RECORDS TO PROCESS.
Segment Open

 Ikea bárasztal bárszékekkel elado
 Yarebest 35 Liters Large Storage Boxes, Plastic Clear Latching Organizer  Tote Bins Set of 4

Segment Closed
Segment Open

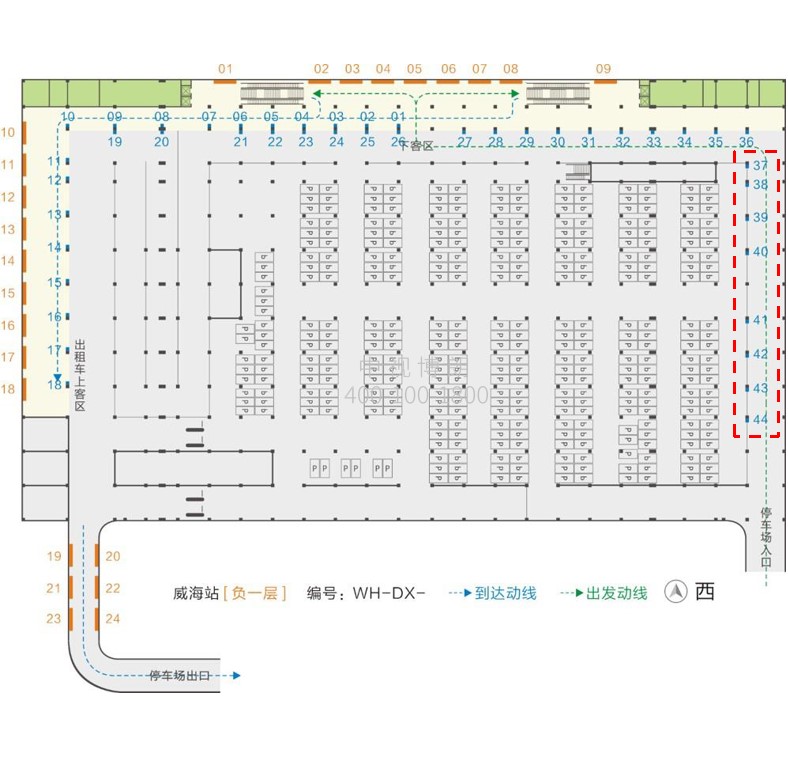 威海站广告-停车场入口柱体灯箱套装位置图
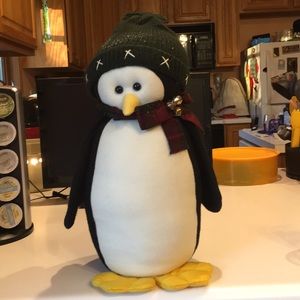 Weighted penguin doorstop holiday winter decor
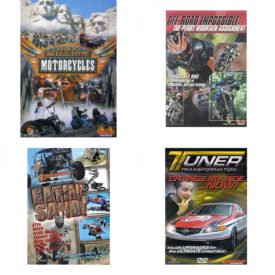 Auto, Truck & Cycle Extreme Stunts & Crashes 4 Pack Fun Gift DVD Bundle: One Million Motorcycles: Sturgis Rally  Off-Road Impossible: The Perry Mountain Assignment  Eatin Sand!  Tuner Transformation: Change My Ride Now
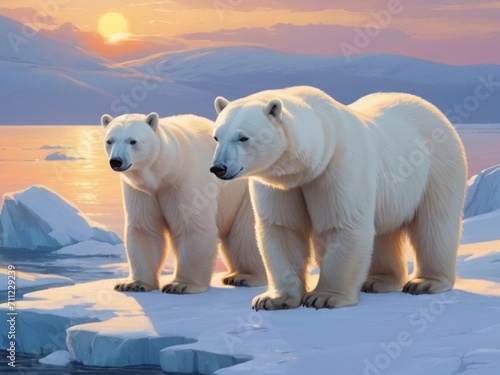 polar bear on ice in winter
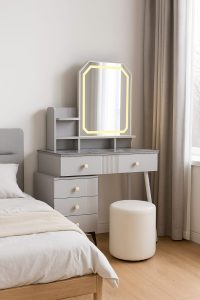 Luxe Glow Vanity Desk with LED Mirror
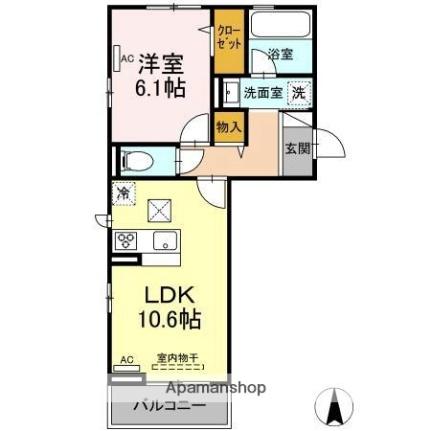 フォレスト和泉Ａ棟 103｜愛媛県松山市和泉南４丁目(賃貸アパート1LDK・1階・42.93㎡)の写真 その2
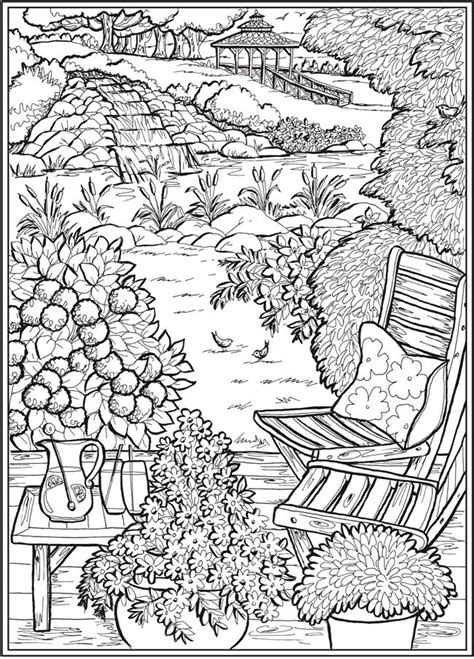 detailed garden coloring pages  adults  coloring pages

Segment Closed
Segment Open

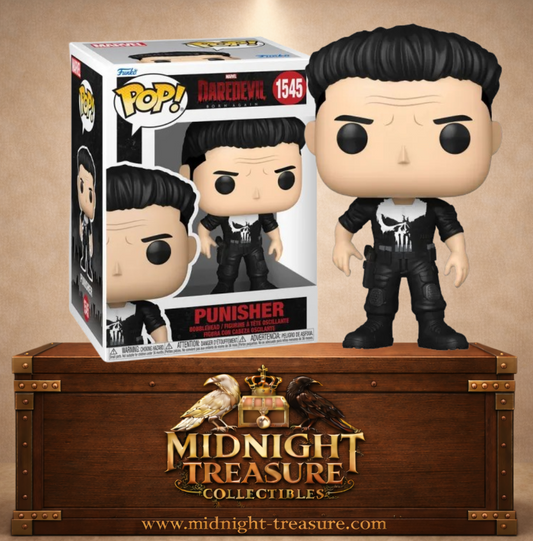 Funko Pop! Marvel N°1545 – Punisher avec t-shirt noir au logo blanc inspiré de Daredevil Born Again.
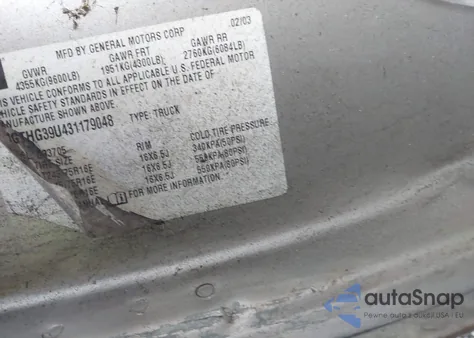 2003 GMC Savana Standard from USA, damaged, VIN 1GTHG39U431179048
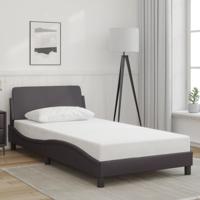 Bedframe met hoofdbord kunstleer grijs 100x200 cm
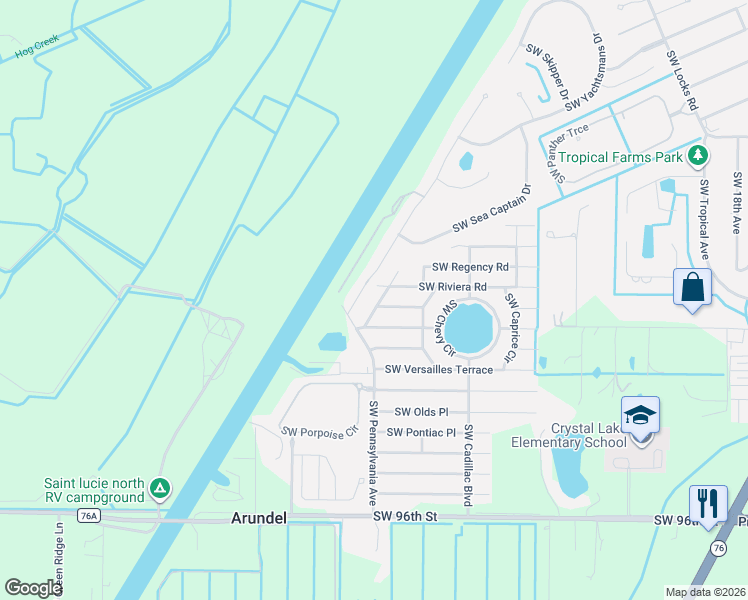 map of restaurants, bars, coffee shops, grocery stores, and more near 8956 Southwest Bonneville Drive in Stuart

Segment Closed

With the pictures omitted, restate word for word the lines above from the line that has "Funko Pop! Marvel" up to and including the line that has "map of restaurants, bars, coffee", and no other lines.

FINISHED TASK.
 Funko Pop! Marvel N°1545 – Punisher avec t-shirt noir au logo blanc inspiré de Daredevil Born Again.
 2003 GMC Savana Standard from USA, damaged, VIN 1GTHG39U431179048
 Bedframe met hoofdbord kunstleer grijs 100x200 cm
 map of restaurants, bars, coffee shops, grocery stores, and more near 8956 Southwest Bonneville Drive in Stuart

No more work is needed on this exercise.